Growing Food for Growing Cities: Transforming Food Systems in an Urbanizing World

April 26, 2016

By: Thomas Reardon, Nonresident Senior Fellow, Global Food and Agriculture



Growth in the world’s cities is exploding. Today, more people live in urban areas than in rural areas. By 2050, 66 percent of the world’s people are expected to live in cities, fueling unprecedented demand for food. Especially in low- and middle-income countries (LMICs) in Asia, Africa, and Latin America, feeding urban populations has become an urgent and critical challenge.

As cities grow, diets are changing.
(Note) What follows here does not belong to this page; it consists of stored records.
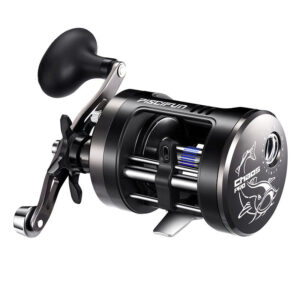 Piscifun® Chaos Pro CNC Baitcasting Reel Freshwater Fishing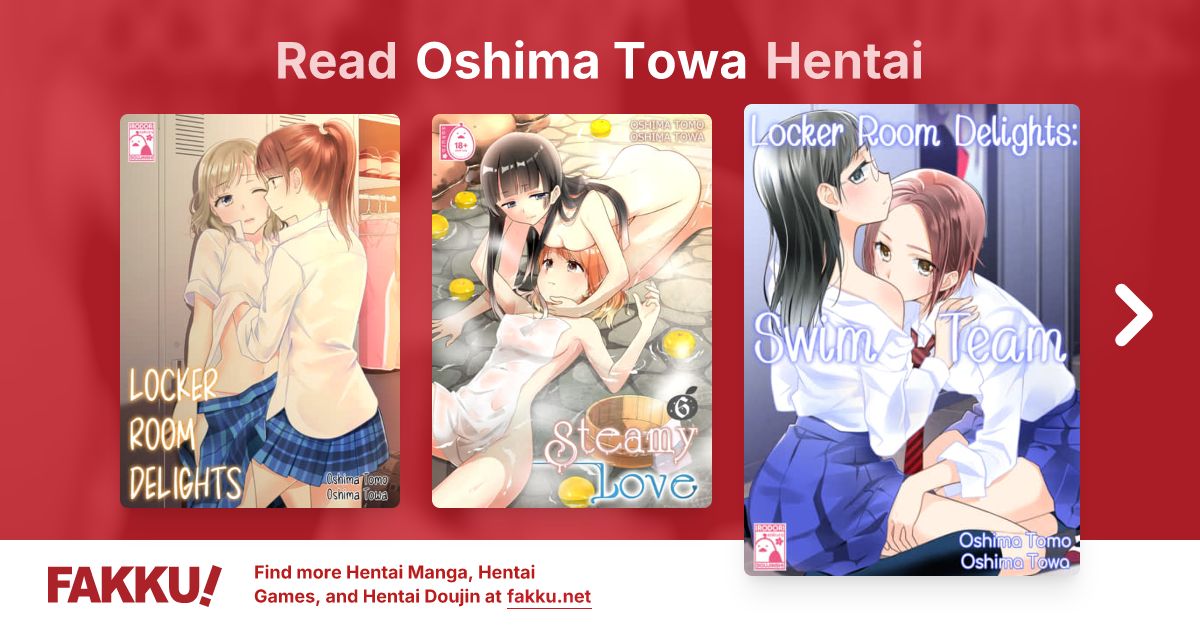 Oshima Towa Hentai - FAKKU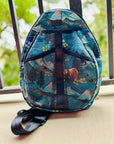 Ace Sling Bag PDF Sewing Pattern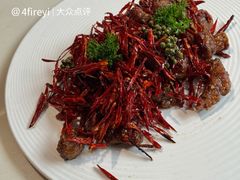 -后海16号·北京私房菜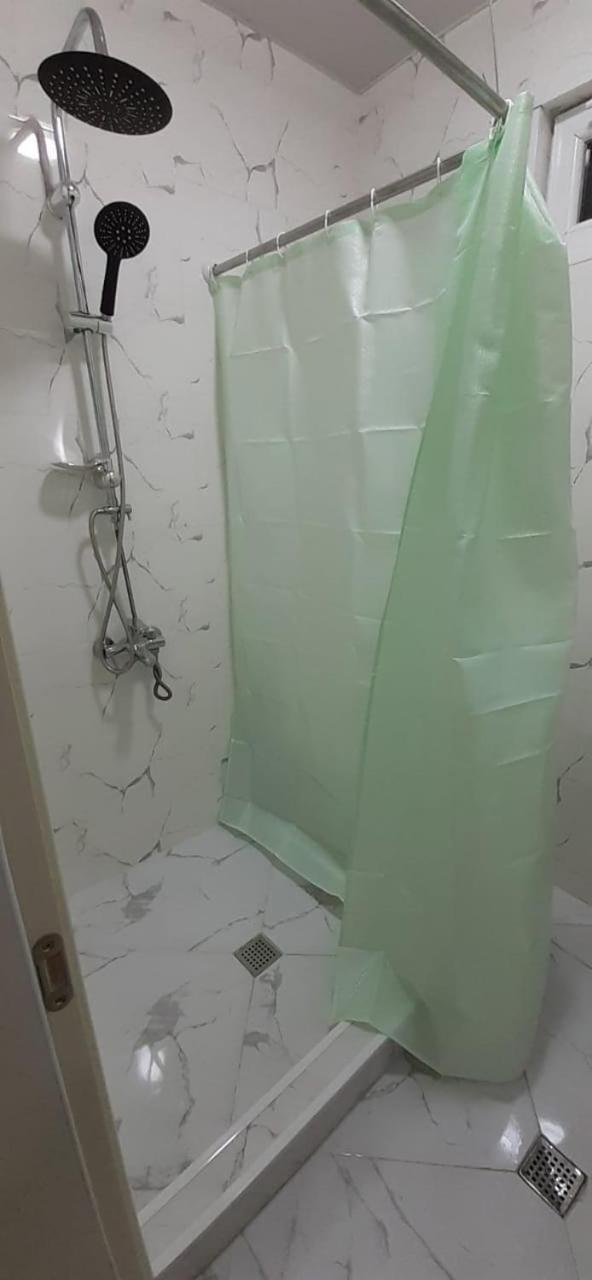 Geno Guest House Kvariati Pokój zdjęcie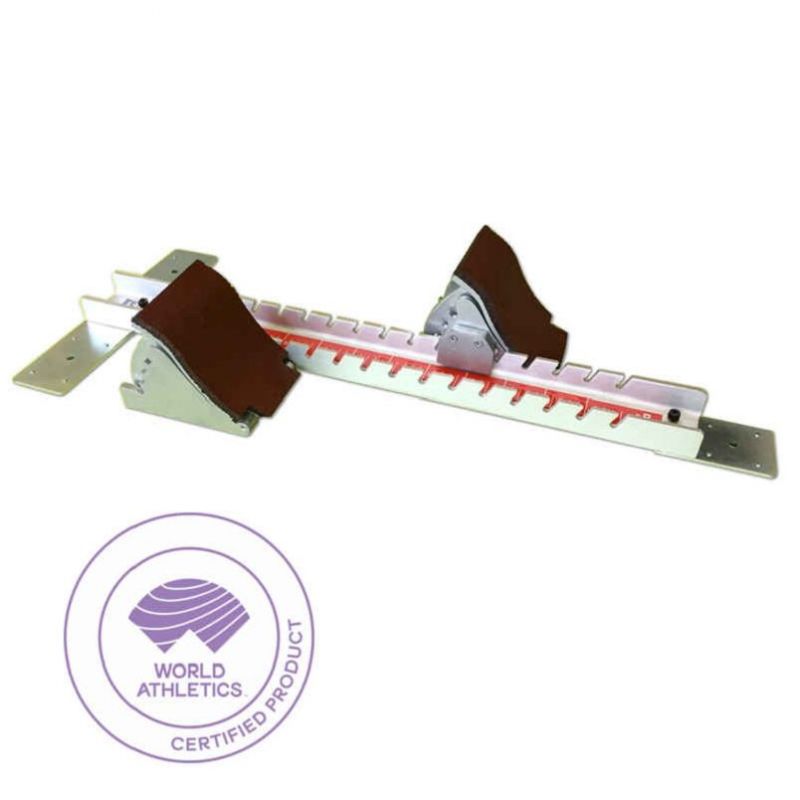 STARTING BLOCK CLUB COMPETITION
Urban consumers are demanding a more diversified diet, including fruits, vegetables, dairy, and meat, and are increasingly consuming processed foods. Accompanying these shifts is the transformation of supply chains, affecting farmers, small- and medium-sized enterprises (SMEs), and consumers. A process has begun, which will continue for decades, that is transforming food systems from farm to fork.

These trends are occurring alongside other pressures on food systems. Explosive population growth, both rural and urban, will require 50 to 60 percent increases in global food production by 2050 in order to meet demand. Climate change is increasing weather volatility such as droughts, floods, and natural disasters. Obesity rates are skyrocketing, even as nearly 800 million people worldwide are still chronically hungry and two billion suffer from micronutrient deficiency, creating a triple burden of malnutrition. Refugees are migrating across the globe in the highest numbers since World War II. In the face of these challenges, it is clear that coordinated support and commitment to the development of nutritious, safe, affordable, and sustainable food systems in rapidly urbanizing LMICs is essential to global food security.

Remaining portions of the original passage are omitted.